Here we are in the last week of the Tiny Writers’ Conference, and we’re ending on a question that I’ve heard often, and it’s one that I think deserves more attention than speakers at conferences are necessarily willing to give it: how do you get ideas?
This question used to really perplex me. I mean, who doesn’t get ideas? Ideas are like air—they’re freely floating in the atmosphere, just waiting for you to grab them. Open up a newspaper and there you’ll find ideas ready for the taking. In fact, that’s what I used to tell people: go get a newspaper. Open it. Pick an idea, and you’re done.
But after thinking further, I realized that there’s really a bigger issue lurking in the ideas question. I don’t think it’s truly the problem that people don’t have ideas. I think the problem is taking what seems like a cool notion and developing it into a fully realized poem, plot, or essay; perhaps a better way to phrase the question is “how do you take the ideas that occur to you and make them into something useful?”
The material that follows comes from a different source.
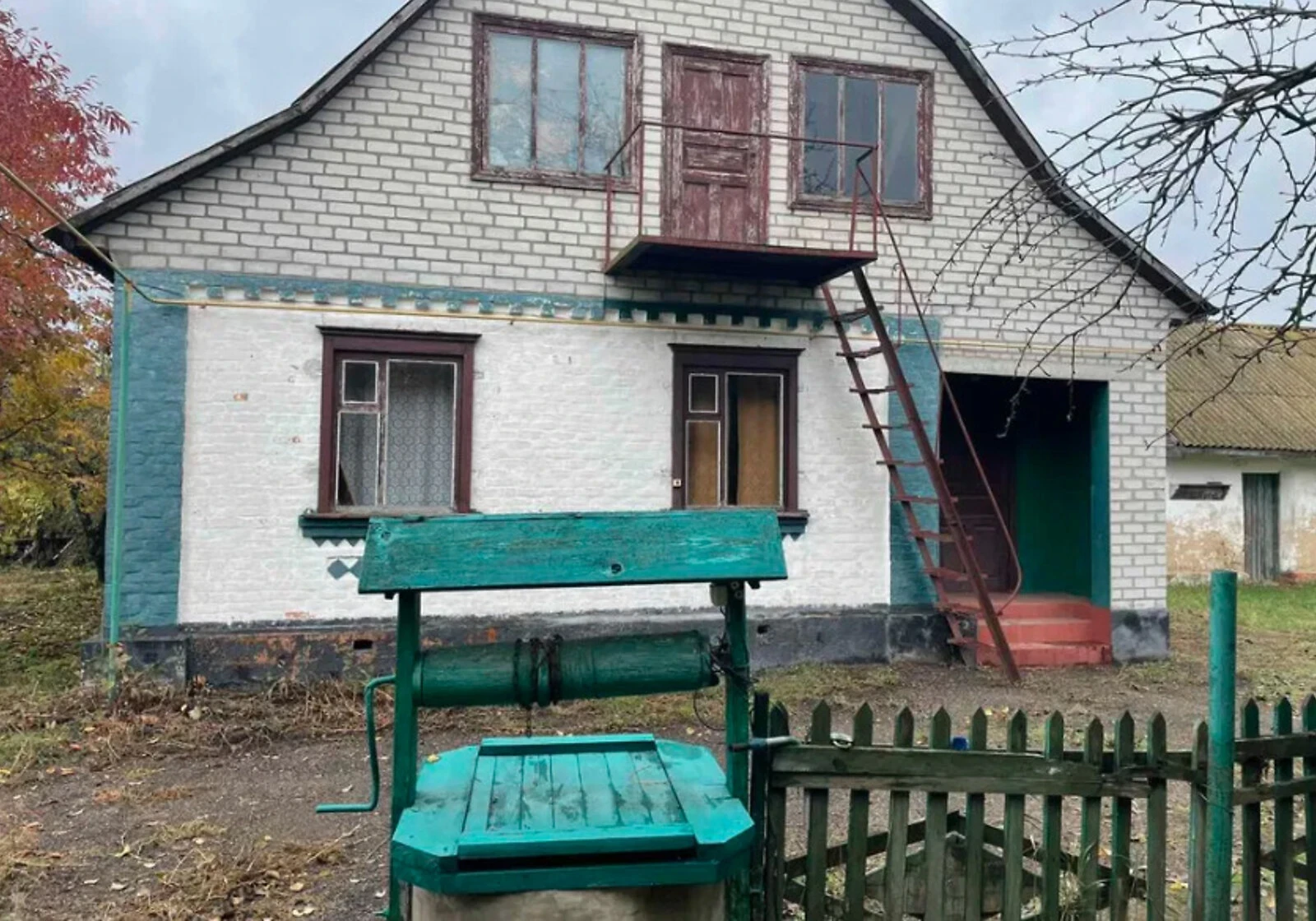 Будинок, Бойківщина: гараж, басейн, 25 соток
One of the best things I ever did was getting rid of the dedicated ideas notepad I kept in my purse. When I made use of that notebook, I had the impression that if I kept my ideas in one place, I’d be able to refer to them later and put some shine on them. The problem was that my subconscious mind looked at the act of writing those ideas down as permission to ignore them–to go about the day’s business and never give the seedlings of writing projects another thought. I’d get to them all later, after all. Now that I don’t write my ideas down, I feel I have to pursue them, ruminate on them while I walk around the aisles of the grocery store or while I wash my hair, follow them to their conclusions as I go about my day. Instead of jotting down an idea and thinking that I’ll deal with it later, I let it occupy me, even obsess me, throughout the day.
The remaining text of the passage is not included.